Pictorial and Tabular Methods in Descriptive Statistics
Stem and Leaf Display
- Useful for displaying the relative density and shape of the data, giving the reader a quick overview of distribution.
- They retain (most of) the raw numerical data, often with perfect integrity.
- Useful for highlighting outliers and finding the mode.
- Only useful for moderately sized data sets (around 15-150 data points).
Not sure if there’s any advantage over histograms.
- Compared to a histogram, the x-axis need not be spaced uniformly.
Good for small to moderate sized data sets.
Note that histograms are different between discrete and continuous data.
For continuous variables, we have to decide how many classes there should be. Too few and you hide interesting details of a distribution (e.g. a bimodal distribution could look like a unimodal one). Too many and you start seeing statistical noise.
A rule of thumb is to use roughly the squareroot of the number of observations for the number of classes.

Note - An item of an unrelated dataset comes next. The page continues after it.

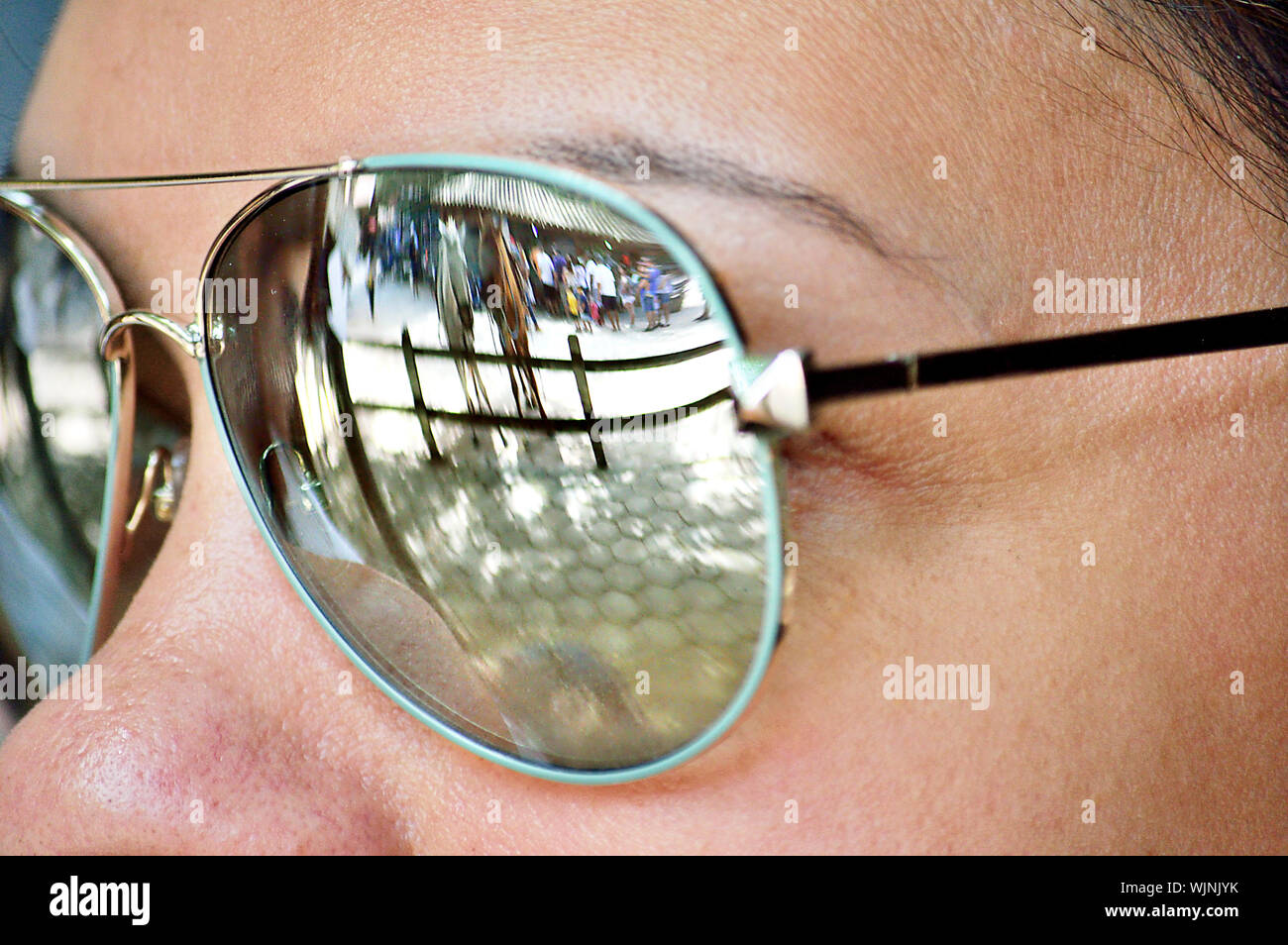 Personne portant des lunettes de soleil Banque de photographies et d'images  à haute résolution - Alamy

Usually your class widths are of equal size, but it may be desirable to have unequal widths when you have outliers. If you go this route, though, be careful about the rectangle height. Ultimately, the area of the rectangle is representative of the count. In general, use narrower widths for regions with more data, and wider widths in regions with less data.
Histograms are useful in showing the distribution of your data.
Common distribution shapes:
- Positively skewed (tail longer/fatter on the right)
- Negatively skewed
Pareto diagrams are like histograms for categorical data. The first entry on the x-axis will be the most common, and so on. It also has a line plot showing the cumulative value. An example is simplest:
Boxplots are useful in showing the spread of data without outliers heavily playing a role.